# Spam mit Laptop/Iphone ect.-Gewinnversprechen



## Marco001 (4 Juni 2010)

Hallo, derzeit bekomme ich Spammails, in denen versprochen wird, dass es einen Gratis Laptop/Iphone ect. gäbe und er zur Abholung bereit läge.
Die Seite, auf die man kommt, sieht folgendermaßen aus:

-KEIN Impressum oder andere Infos über den Betreiber
-Schlicht aufgebaut, als Header Iphone/Laptop und andere versprochenen Sachen
-Ein Feld, wo man seine Telefonnummer eingeben soll, um weitere Anweisungen zu erhalten

Für mich klingt das nach einem Datensammler, der Telefonnummern sammelt, um sie weiterzuverkaufen. Was meint ihr?


----------



## Reducal (4 Juni 2010)

*AW: Spam mit Laptop/Iphone ect.-Gewinnversprechen*



Marco001 schrieb:


> Die Seite, auf die man kommt, sieht folgendermaßen aus...


Gib mal bitte den Link rüber oder besser noch die ganze eMail. Per PN stelle ich dir eine eMailadresse zur Verfügung.



Marco001 schrieb:


> Für mich klingt das nach einem Datensammler, der Telefonnummern sammelt,  um sie weiterzuverkaufen. Was meint ihr?


Wozu Telefonnummern sammeln, wenn sonst kein Datenbestand dabei steht? Für den CallCentervertrieb wäre das zwar interessant, die Nutzung der Nummer wäre aber womöglich unzulässig. Außerdem lassen sich Telefonnummern tausenderweise, in Blöcken, billig erwerben. Da braucht es den Aufwand mit der Website, dem Spam und der umständlichen Verarbeitung gar nicht.

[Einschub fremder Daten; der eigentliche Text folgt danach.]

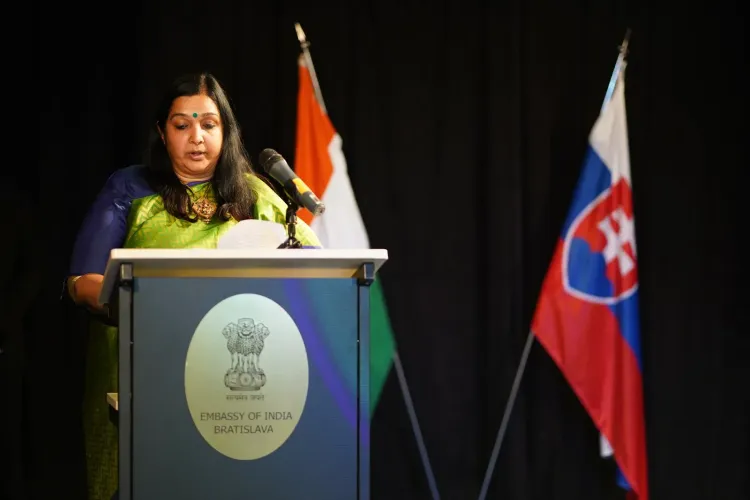 PM Modi's Slovakia visit: First by Indian PM since 1993, to boost trade and ties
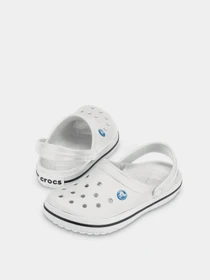 Шлёпанцы Crocs модель 11016-100 Фото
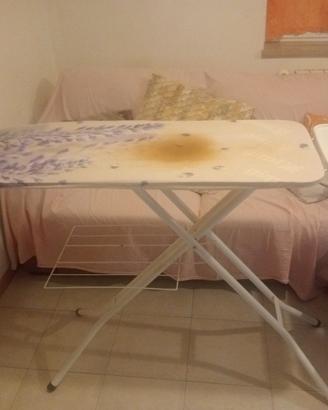 asse da stiro ancora buona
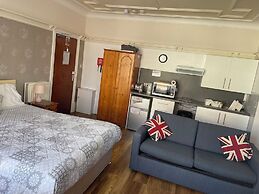 San Remo Apartments Blackpool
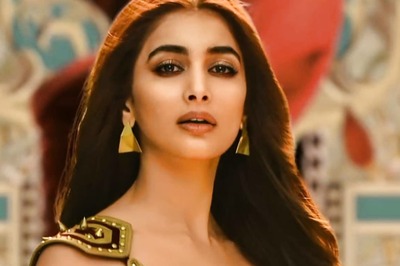 Radhe Shyam Star Pooja Hegde Turned Down Bollywood Films Opposite 'Big Stars'; Here's Why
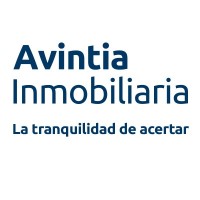 Avintia Inmobiliaria logo, Avintia Inmobiliaria contact details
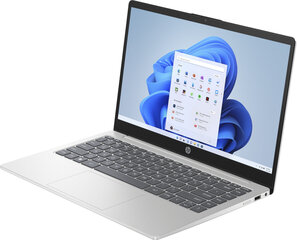 HP Laptop 14-ep0935no (80M86EA) cena un informācija | Portatīvie datori | 220.lv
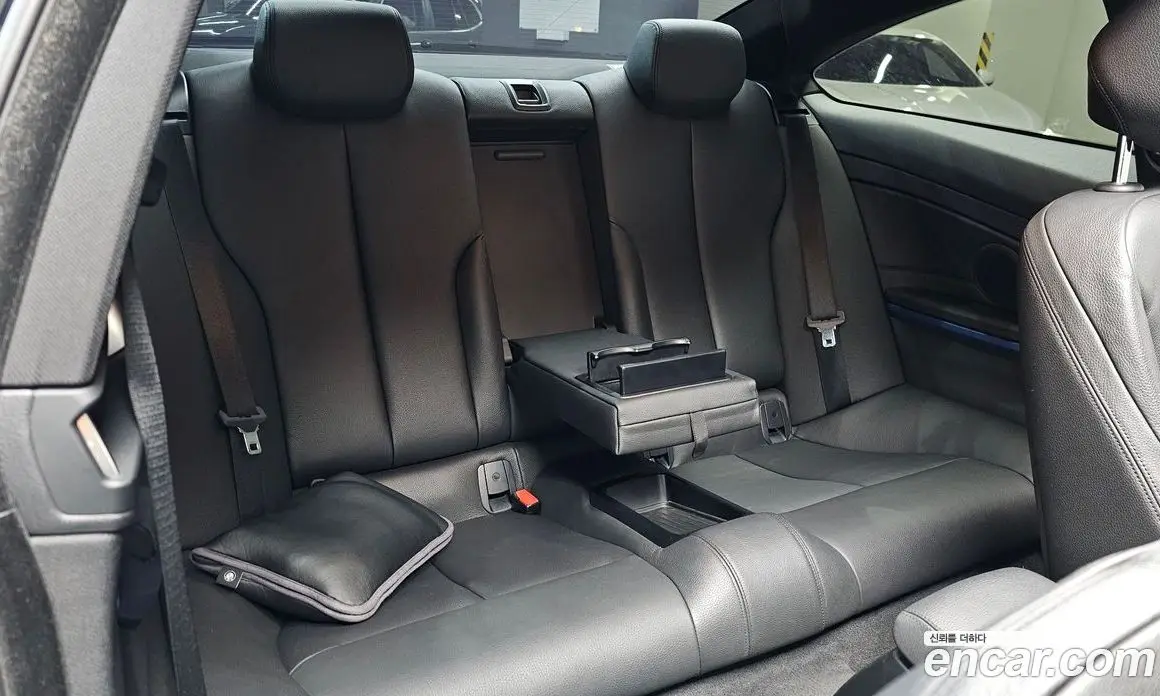 BMW 4 серия 2016 2.0 АКПП, фото 16
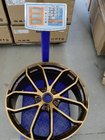 Porsche Panamera 2016-2023 Geschmiedete OEM-Felgen R21 (4 Stk) Foto 7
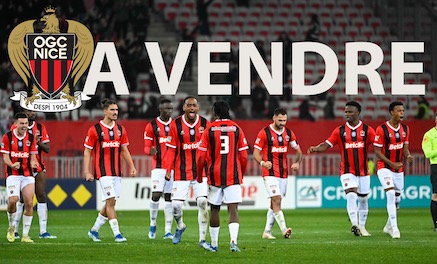 OGC NICE (vidéo) : Jim Ratcliffe veut se débarrasser du club !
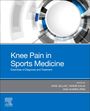 Anis Jellad: Knee Pain in Sports Medicine, Buch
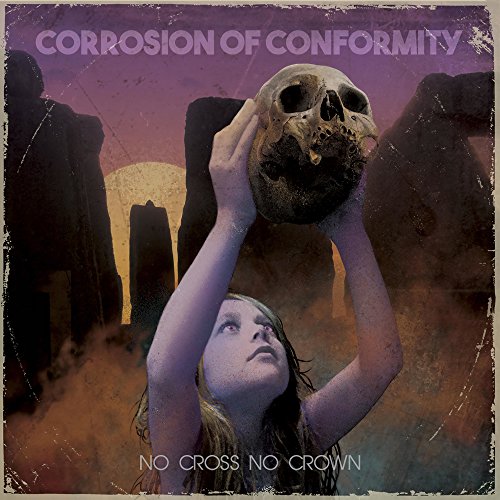 album corrosion of conformity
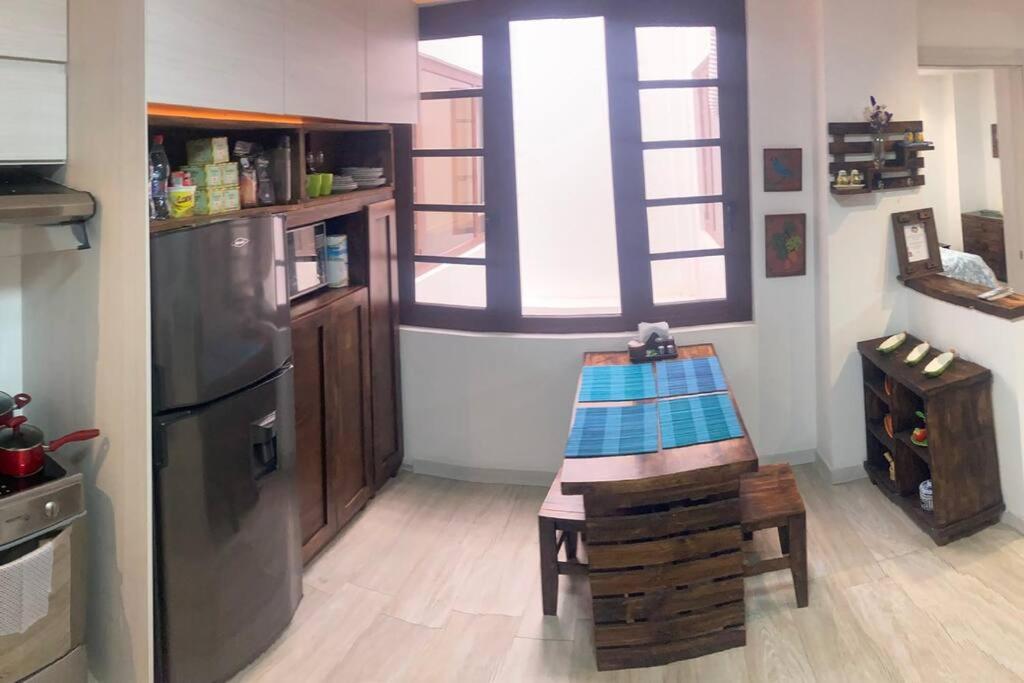 Cozy Suite Cuenca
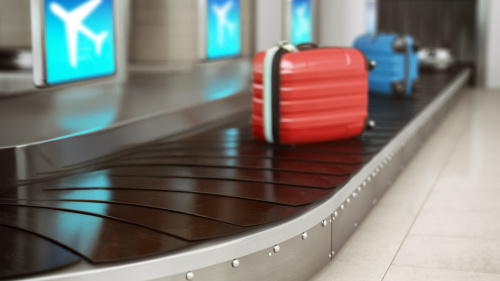 Airport Baggage Simulator - Deluxe Edition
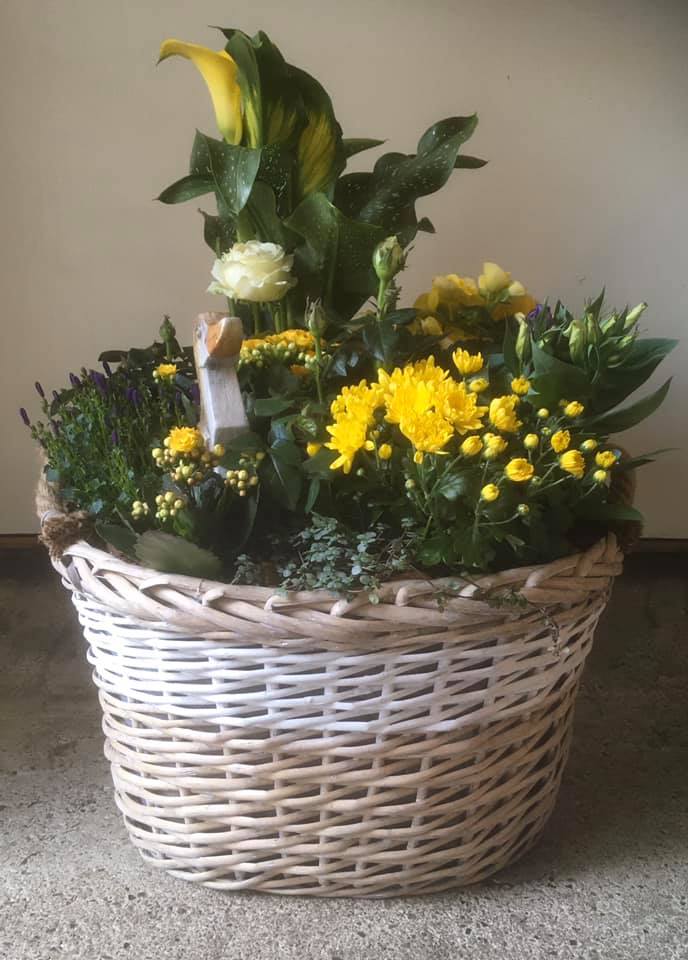 Forårs arrangement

Vorm Eintragen der Nummer sollte aber dennoch Vorsicht geboten sein. Man könnte nämlich so ohne weitere Informationen ein Abo auslösen, das im "mobile Payment" gleich zu Buchungen über die Nummer führt. Möglich ist das über viele Anbieter (siehe z. B. MindMatics, 3united, Buongiorno, Burda Wirless, Vitaminic). Ob tatsächlich immer der notwendige PIN Code an die Nummer gesendet wird, der dann zur Bestätigung wiederum in eine Website einzutragen wäre, wage ich zu bezweifeln.


----------